# Need a head unit with a high RMS



## Stealth (Jun 7, 2003)

I'm building an ice chest stereo, for use when tubing down the river. 

I'd like to keep it simple - battery, head unit, 4 speakers... that's it.

i know a lot of people want to run amplifiers in the ice chest, but i'm going to be strapped for room as it is, so i'd rather get a head unit that can power 4 speakers damn loud. none of this 15W RMS per channel nonsense.

I'm a veteran to the car audio world (look at some of my posts years and years ago in this forum) but lost touch with all the up-to-date brands, etc. so i'm not sure what to get. 

i don't want to spend more than $100 for it - used. i was just going to purchase on ebay. if anyone here has something they're interested in selling that matches my needs/description, let me know.


----------



## Stealth (Jun 7, 2003)

also if anyone can suggest some speakers i'm up for that too

i was thinking 2x 6x9s (one in front, one in back) and then a pair of 5.25" or 6.5" components, one on the left one on the right.


----------



## Dysfunctional73 (Dec 10, 2003)

http://cgi.ebay.com/Mini-MP3-iPod-Stereo-A...id=p3286.c0.m14

RUN THESE LIL BASTARDS


----------



## Stealth (Jun 7, 2003)

dude, that's an awesome idea...

i still like the idea of a head unit though... that way we can do CDs, the radio, etc.

still, thanks for linking me to that, i didn't know those existed. very cool


----------



## Dysfunctional73 (Dec 10, 2003)

ARE YOU GOING TO BE USING A 12V BATT?


----------



## Stealth (Jun 7, 2003)

yes - a 12v optima yellow-top deep cycle


----------



## AndrewH (Dec 12, 2002)

wow, why are those things so cheap? just junk I guess


I know I always used pioneer HUs with 22rms.
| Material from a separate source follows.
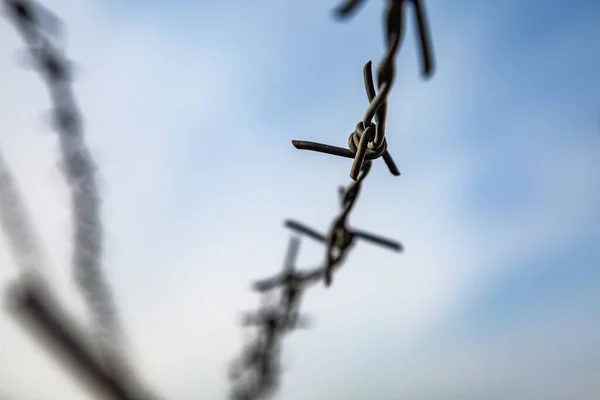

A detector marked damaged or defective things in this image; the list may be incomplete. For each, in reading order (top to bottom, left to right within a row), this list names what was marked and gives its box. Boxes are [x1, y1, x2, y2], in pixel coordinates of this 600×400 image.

rusty wire [0, 0, 432, 400]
I'm sure theres some higher out there somewhere


----------



## Stealth (Jun 7, 2003)

that's what i'm trying to find


----------



## jonjay206 (Jan 22, 2009)

http://www.sonicelectronix.com/cat_i10_-in...a-playback.html

:thumbsup:


----------



## Firefly (Oct 27, 2005)

> _Originally posted by jonjay206_@Sep 11 2009, 11:59 PM~15053462
> *http://www.sonicelectronix.com/cat_i10_-in...a-playback.html
> 
> :thumbsup:
> *


None of those are over 25W RMS...

(the one that says 50W RMS is a typo, those 17 watts are the RMS rating)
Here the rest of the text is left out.